Conversational pace is the other guardrail. Easy runs should feel easy. If you can speak in short sentences but not give a speech, you are probably about right. If you cannot say a word, slow down. Your watch can confirm that effort is matching an easy heart rate zone, but your breathing and the feel in your legs are the primary guide.
Run-walk intervals work with or without a watch. You can use the stopwatch function on any basic watch, a free phone app with interval timers, or even a podcast split into segments. GPS adds a distance layer to that, which is satisfying, but not necessary to follow a plan well.
When a Running Watch Is Worth Buying
A GPS watch starts earning its keep once your runs have some structure. If you are following a couch-to-5K plan and you want to know whether you are covering the distances the plan suggests, a watch makes that immediate and precise. If you are running three times a week and want to track weekly mileage to stay inside the 10 percent rule, a watch makes that automatic.
It also becomes more valuable if you run in places with poor phone signal, run early in the morning when carrying a phone feels like a risk, or simply dislike the armband or pocket situation.
If you are in the first two or three weeks and still figuring out whether running is something you will stick with, start with your phone.
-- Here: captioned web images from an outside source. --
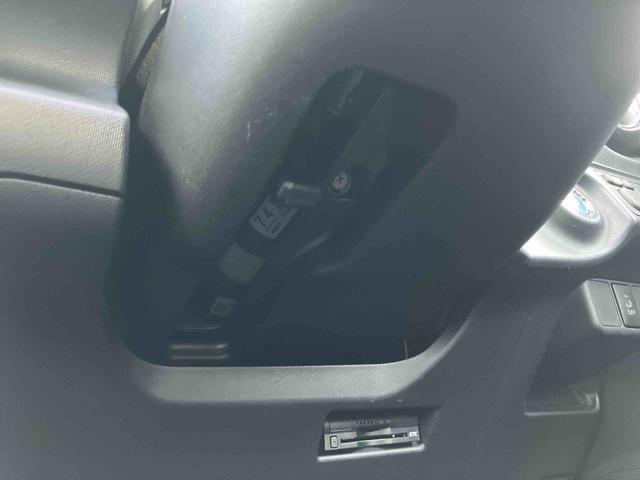 アクアＸ−アーバンナビ／ワンセグ／ＣＤ／ＡＵＸ／ＢＴ　ＥＴＣ　ルーフレール　前後コーナーセンサー　ＬＥＤヘッドライト　オートライト　ＬＥＤフォグランプ　スペアタイヤ　アルミ　革ステアリング　キーフリー　オートエアコン（千葉県）の中古車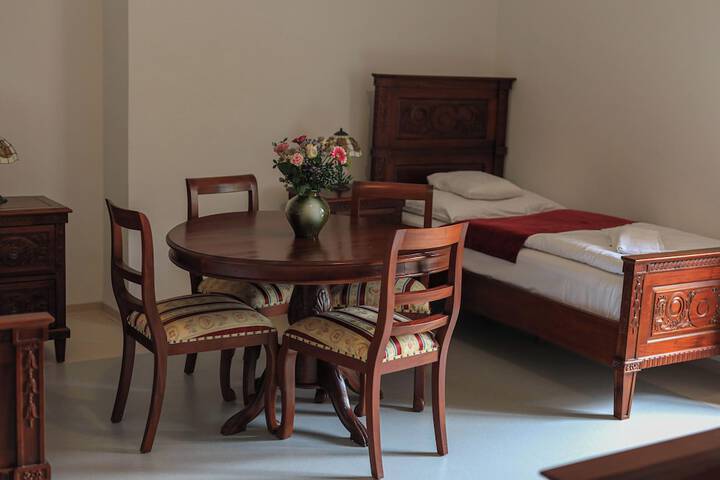 Room 11 of 29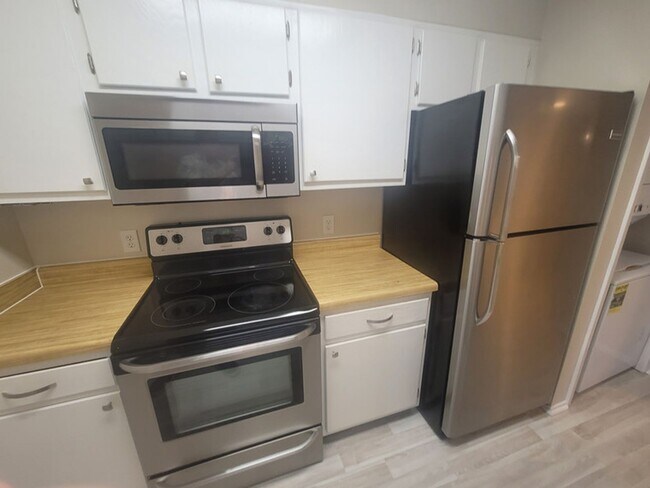 Building Photo - 1 Bedroom Condo at Port Aux Prince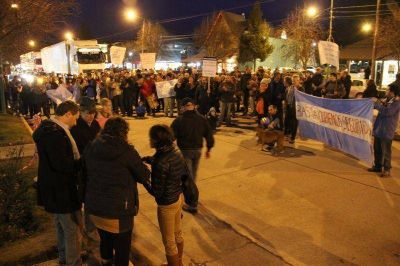 Vecinos autoconvocados de Villa La Angostura marcharon por la seguridad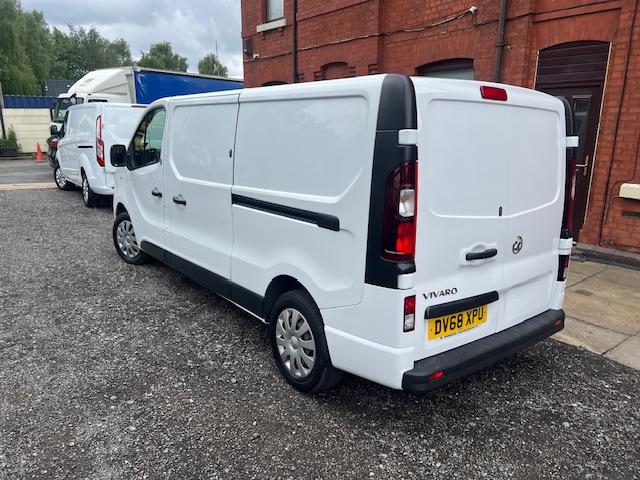 Vauxhall Vivaro 1.6 CDTi 2900 Sportive Panel Van 5dr Diesel Manual L2 H1 Euro 6 (120 ps)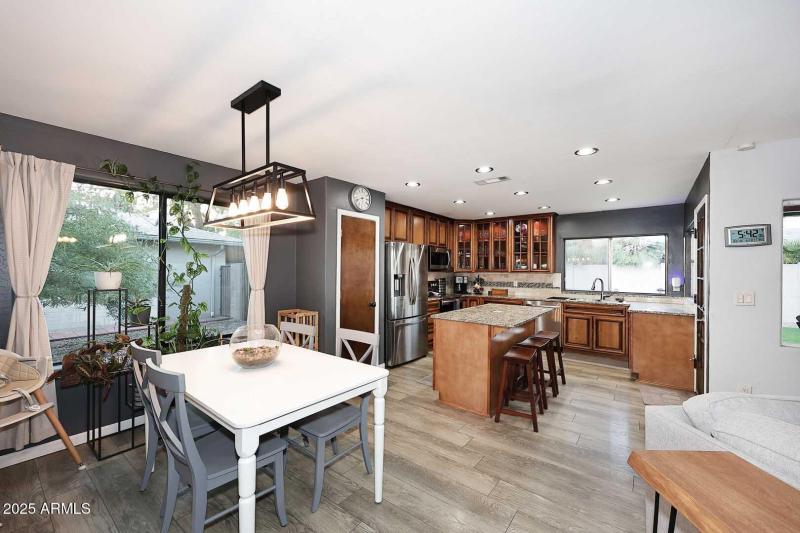 Dining Area-Kitchen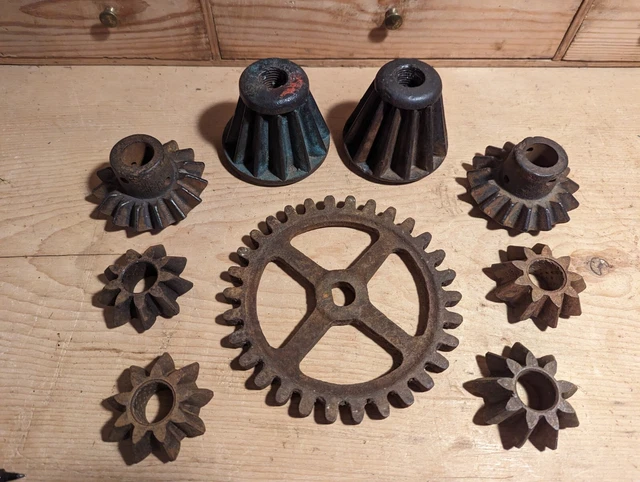 Engranajes/engranajes de hierro fundido ~ vintage ~ lote de trabajo ~ velas ~ base de lámpara ~ Steampunk ~ pantalla ~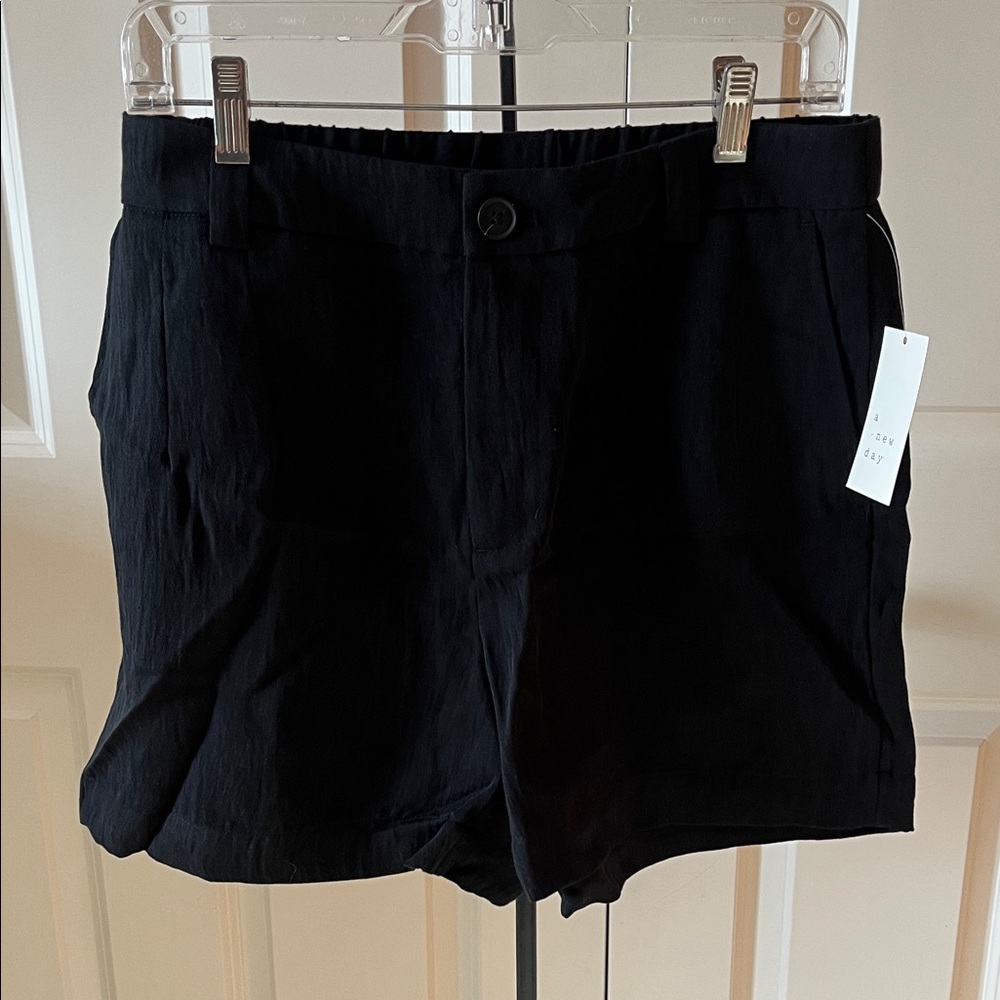 a new day NWT Black Women's Casual Shorts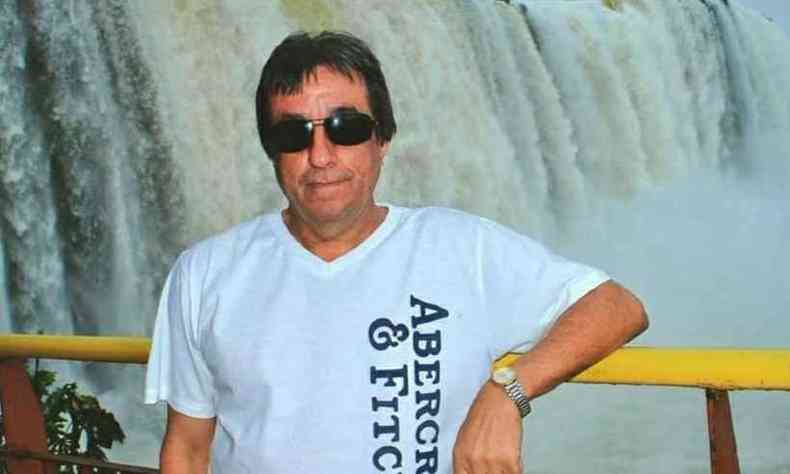 Jair Quirino de Oliveira, de 62, conquistou amigos e admiradores nos 45 anos como farmacêutico em Martinho Campos(foto: Arquivo pessoal)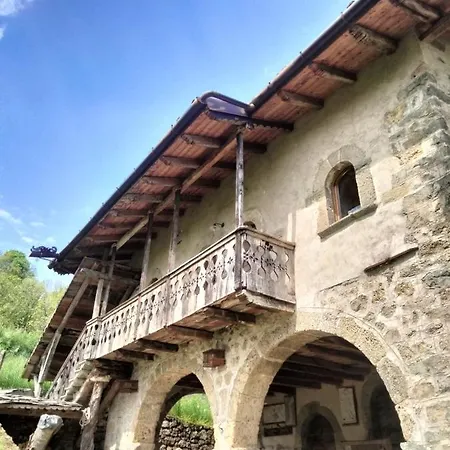 Dossena Dimora Storica Al Lac Conte Tomaselli Lodge Madonna della Costa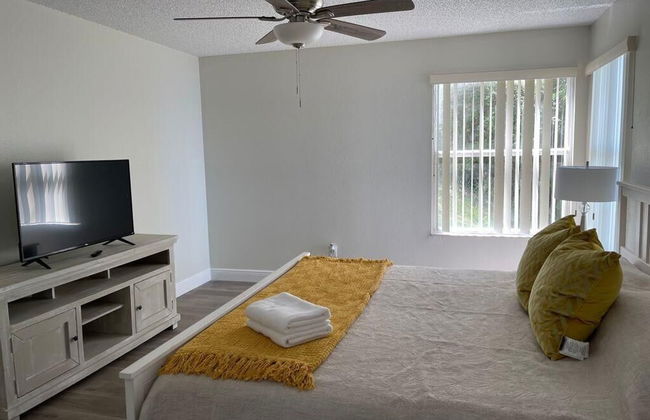 Three Bedroom Apartment #7 -- 2737 NPB -- Vusa Three Bedroom Condo Apartment - Foto 12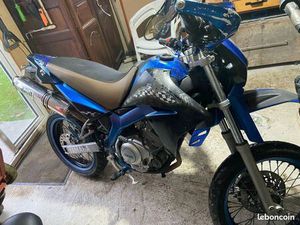 MOTO YAMAHA 125 XT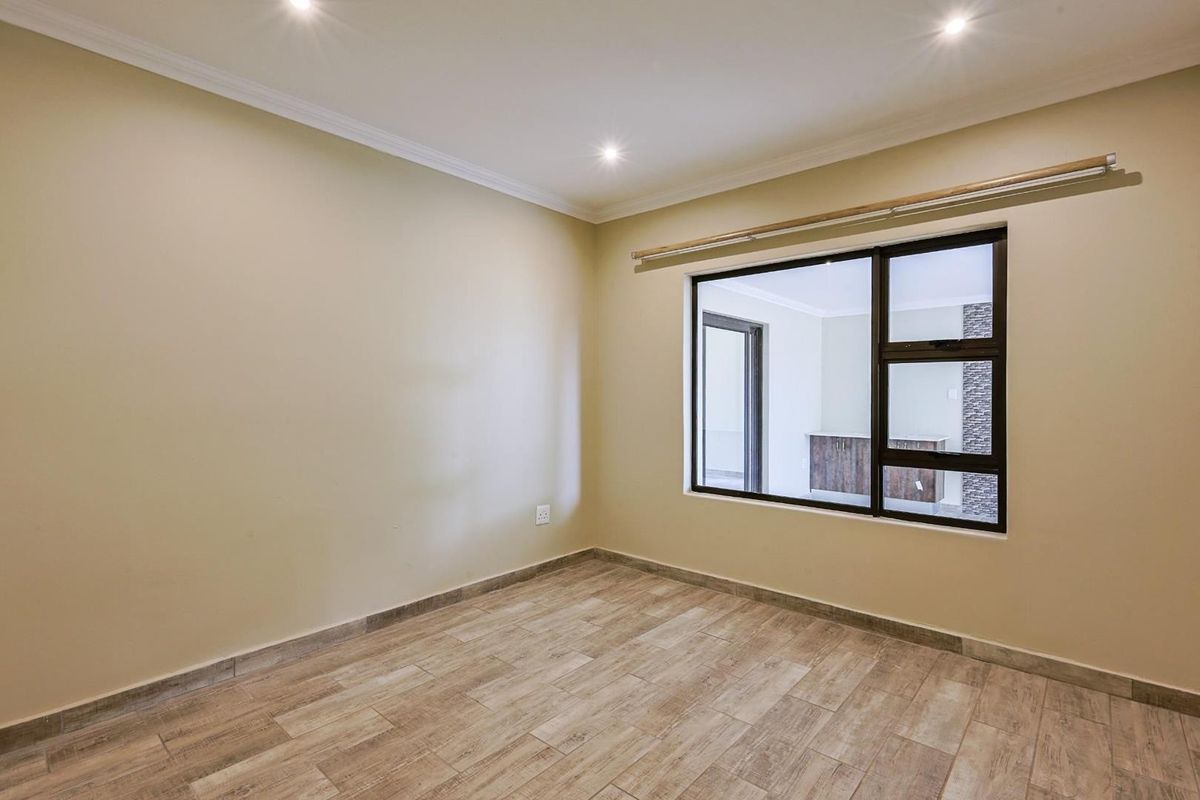 Stunning Modern 4 Bedroom, 2.5 Bathroom Home for Rent - Photo 4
A watch is a better investment once you know you want to keep going.
When you are ready to spend more on shoes or replace a worn-out pair, check the guides on how to choose running shoes for beginners and do you need expensive running shoes. And if you are not sure when to retire your current pair, how often should you replace running shoes covers that.
The Slow Mile is independent and not affiliated with any watch, app, or brand mentioned here.
Frequently Asked Questions
Do beginners really need a GPS running watch?
No. A phone with a free running app covers distance and pace for beginners. A dedicated GPS watch adds convenience and wrist-based data, but it is not required to start running or to follow a beginner plan. Many runners go months with just a phone.
What is the difference between a running watch and a fitness tracker?
Fitness trackers like basic step counters often lack GPS and rely on step counting to estimate distance, which is less accurate over varied terrain. GPS running watches lock on to satellites for precise distance and pace. If you want reliable distance data, look for a watch that explicitly includes GPS rather than relying on step estimation.
Can I use my phone instead of a GPS watch for running?
Yes. Apps like Strava, Nike Run Club, and MapMyRun use your phone's GPS to track distance and pace. The main drawbacks are the bulk of carrying a phone and needing to check the screen by pulling it out or looking at a strapped-in screen. For most beginners, this is a fine tradeoff.
How much should a beginner spend on a running watch?
Entry-level GPS running watches start at roughly $150 to $200 (about £120 to £160). They handle the basics well. You do not need to spend $400 or more on a multisport watch with advanced metrics until your training is well established and you have a clear reason for the extra features.
Will a running watch help me run faster?
Not directly. A watch gives you data. What you do with that data determines whether it helps. For beginners, the most useful thing GPS data does is keep you honest about pace so you do not go out too fast, and help you track weekly mileage to stay within safe progression limits like the 10 percent rule.